Мумозин снова впился в спасительную бороду и так задышал, что Ирина Прохоровна пришла ему на помощь.

— Вы отдаете себе отчет? — начала она глубоким, скрипучим, виолончельного тембра голосом. — Вы отдаете себе отчет, что вы разговариваете с художником! Который раним, который работает не долотом, как вы, а сердцем! Когда приходит беда, это чуткое сердце отзывается на всякую грубость, бестактность. Успокойтесь! Месяца через два наша обновленная труппа (а мы безжалостно расстаемся с теми, кто не выдержал высочайшего уровня требований художественного руководителя!) вернется к Шекспиру… Тогда получите и стулья, и деньги!

— Черта с два, — ответил Самоваров.

«Вон отсюда — больше ни ногой, — решил он. — И Настю надо забирать. Надуют, поганцы». Ему захотелось схватить Владимира Константиновича за грудки, как делал это Геннаша Карнаухов. Хорошо еще было бы бросить в него чем-нибудь чувствительно тяжелым. Самоваров даже во время беседы присмотрел для этой цели на полке какой-то черненький бюстик. Остановило только внезапное недоумение: а бюстик-то чей? Вроде с бородой. Для Чехова борода широка, для Островского слишком козловата. Вот для Шекспира в самый раз, но Шекспир должен быть плешивый, а у этого что-то надо лбом топорщится. И на носу неровность какая-то, похоже на кусочек очков. Все-таки Чехов? Нет, борода широка… А с незначительных персон, кажется, бюстиков не делают. Может быть, это сам Мумозин? Он свои изображения любит. Тогда почему бюстик на полке, а не на видном месте? Или Немирович-Данченко был с козловатой бородой? Утонув в тине дедукции, Самоваров позорно капитулировал и в ответ на очередную тираду Ирины Прохоровны внезапно спросил:

— А бюстик чей? Вон там у вас?

— Гоголя, — удивленно ответила она.

— Нет, Гоголя я вижу. Пониже Гоголя, поменьше, темненький такой.

— А! Это Грибоедов!

Ирина Прохоровна сняла с полки бюстик и стерла с него пыль своей крупной шершавой рукой.

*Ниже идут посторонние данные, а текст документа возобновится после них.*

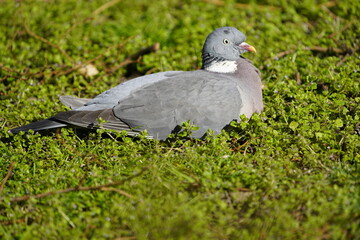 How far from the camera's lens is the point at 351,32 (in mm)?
5535

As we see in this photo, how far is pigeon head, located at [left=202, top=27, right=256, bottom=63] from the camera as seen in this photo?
453 cm

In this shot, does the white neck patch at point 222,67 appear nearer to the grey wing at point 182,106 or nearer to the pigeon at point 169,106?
the pigeon at point 169,106

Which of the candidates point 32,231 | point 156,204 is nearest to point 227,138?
point 156,204

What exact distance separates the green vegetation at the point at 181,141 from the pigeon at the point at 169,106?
0.12 meters

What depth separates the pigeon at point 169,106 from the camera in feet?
13.4

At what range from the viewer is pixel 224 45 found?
4.55m

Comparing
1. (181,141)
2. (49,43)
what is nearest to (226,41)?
(181,141)

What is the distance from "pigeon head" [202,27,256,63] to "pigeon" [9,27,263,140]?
9.8 inches

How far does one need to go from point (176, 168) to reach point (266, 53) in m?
2.45

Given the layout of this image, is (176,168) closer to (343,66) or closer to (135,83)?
(135,83)

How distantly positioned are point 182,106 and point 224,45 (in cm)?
83

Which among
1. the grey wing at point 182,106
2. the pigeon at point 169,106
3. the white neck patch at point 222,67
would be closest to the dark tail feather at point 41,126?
Answer: the pigeon at point 169,106

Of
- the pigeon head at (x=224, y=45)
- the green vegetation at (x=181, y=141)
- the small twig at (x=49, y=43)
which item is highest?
the pigeon head at (x=224, y=45)

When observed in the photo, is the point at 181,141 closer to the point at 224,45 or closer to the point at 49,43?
the point at 224,45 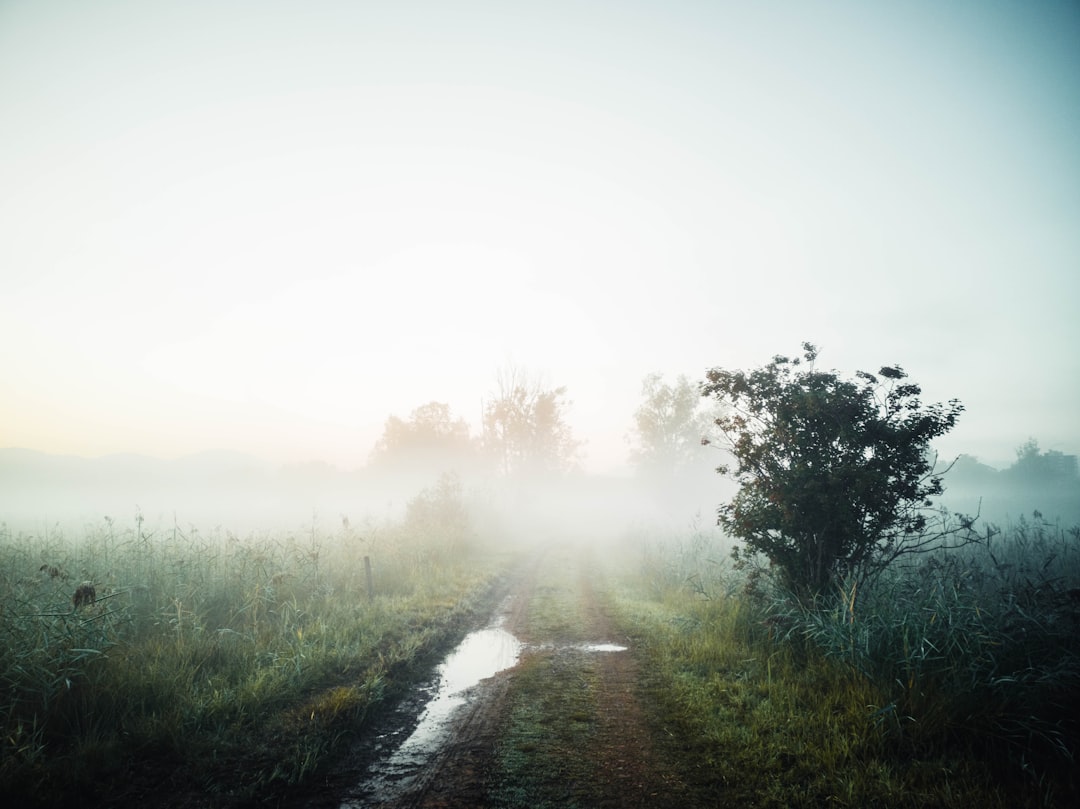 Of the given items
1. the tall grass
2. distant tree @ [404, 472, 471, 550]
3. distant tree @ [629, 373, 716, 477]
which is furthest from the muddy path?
distant tree @ [629, 373, 716, 477]

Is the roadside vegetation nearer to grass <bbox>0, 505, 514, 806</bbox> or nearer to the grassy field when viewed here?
the grassy field

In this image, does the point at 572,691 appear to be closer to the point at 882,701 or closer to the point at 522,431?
the point at 882,701

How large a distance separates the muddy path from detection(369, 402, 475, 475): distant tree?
3803cm

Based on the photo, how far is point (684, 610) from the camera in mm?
10297

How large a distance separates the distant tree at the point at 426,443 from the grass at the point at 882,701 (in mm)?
39587

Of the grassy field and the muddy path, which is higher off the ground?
the grassy field

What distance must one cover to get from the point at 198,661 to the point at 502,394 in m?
34.3

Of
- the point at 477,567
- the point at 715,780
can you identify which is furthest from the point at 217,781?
the point at 477,567

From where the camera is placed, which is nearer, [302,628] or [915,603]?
[915,603]

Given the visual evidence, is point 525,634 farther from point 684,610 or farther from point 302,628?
point 302,628

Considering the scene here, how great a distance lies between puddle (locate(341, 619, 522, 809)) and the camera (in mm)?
4469

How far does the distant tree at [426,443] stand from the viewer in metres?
45.5

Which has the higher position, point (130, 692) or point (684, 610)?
point (130, 692)

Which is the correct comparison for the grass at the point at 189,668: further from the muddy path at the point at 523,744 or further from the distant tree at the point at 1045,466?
the distant tree at the point at 1045,466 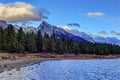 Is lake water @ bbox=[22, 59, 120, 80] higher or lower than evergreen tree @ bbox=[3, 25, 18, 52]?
lower

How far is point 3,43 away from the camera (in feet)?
449

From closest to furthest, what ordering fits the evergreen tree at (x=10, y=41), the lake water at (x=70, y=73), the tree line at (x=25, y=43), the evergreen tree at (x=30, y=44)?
the lake water at (x=70, y=73), the evergreen tree at (x=10, y=41), the tree line at (x=25, y=43), the evergreen tree at (x=30, y=44)

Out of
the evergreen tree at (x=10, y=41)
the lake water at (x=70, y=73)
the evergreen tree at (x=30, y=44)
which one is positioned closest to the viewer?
the lake water at (x=70, y=73)

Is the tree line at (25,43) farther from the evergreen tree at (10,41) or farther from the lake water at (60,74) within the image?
the lake water at (60,74)

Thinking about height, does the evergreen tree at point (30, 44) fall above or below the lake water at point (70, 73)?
above

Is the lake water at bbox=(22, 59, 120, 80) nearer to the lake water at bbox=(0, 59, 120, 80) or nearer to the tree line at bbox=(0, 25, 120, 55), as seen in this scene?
the lake water at bbox=(0, 59, 120, 80)

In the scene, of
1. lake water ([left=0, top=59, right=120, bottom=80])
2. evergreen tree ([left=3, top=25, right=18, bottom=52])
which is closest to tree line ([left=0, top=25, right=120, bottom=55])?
evergreen tree ([left=3, top=25, right=18, bottom=52])

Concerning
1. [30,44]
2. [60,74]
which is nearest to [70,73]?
[60,74]

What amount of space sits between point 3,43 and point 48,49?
48.8 metres

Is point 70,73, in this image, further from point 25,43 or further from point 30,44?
point 25,43

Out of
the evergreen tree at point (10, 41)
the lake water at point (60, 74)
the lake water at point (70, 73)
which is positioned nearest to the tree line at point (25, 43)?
the evergreen tree at point (10, 41)

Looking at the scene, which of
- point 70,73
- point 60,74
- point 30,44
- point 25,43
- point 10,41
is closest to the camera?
point 60,74

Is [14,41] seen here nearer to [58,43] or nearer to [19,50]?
[19,50]

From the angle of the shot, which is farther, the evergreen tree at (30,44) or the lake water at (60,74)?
the evergreen tree at (30,44) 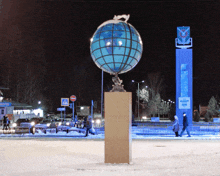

— Как Грибоедов? Он же с бородой! — не поверил Самоваров.

— Почему с бородой? Просто скульптура сделана в экспрессивной манере. Грибоедов, он самый! Посмотрите, вот и очки намечены — тут, где нос.

Самоваров взял бюстик и нашел на носу бороздку, напоминающую укус. Козловатой бороды вблизи действительно не нашлось, просто подбородок был тяжелый и энергично корявый. На плече бюстика было награвировано: «Вовка! Попутный ветер в спину! 1979 г.»

— Это Владимиру Константиновичу в Находке подарили. Там его чрезвычайно ценили, — пояснила Ирина Прохоровна.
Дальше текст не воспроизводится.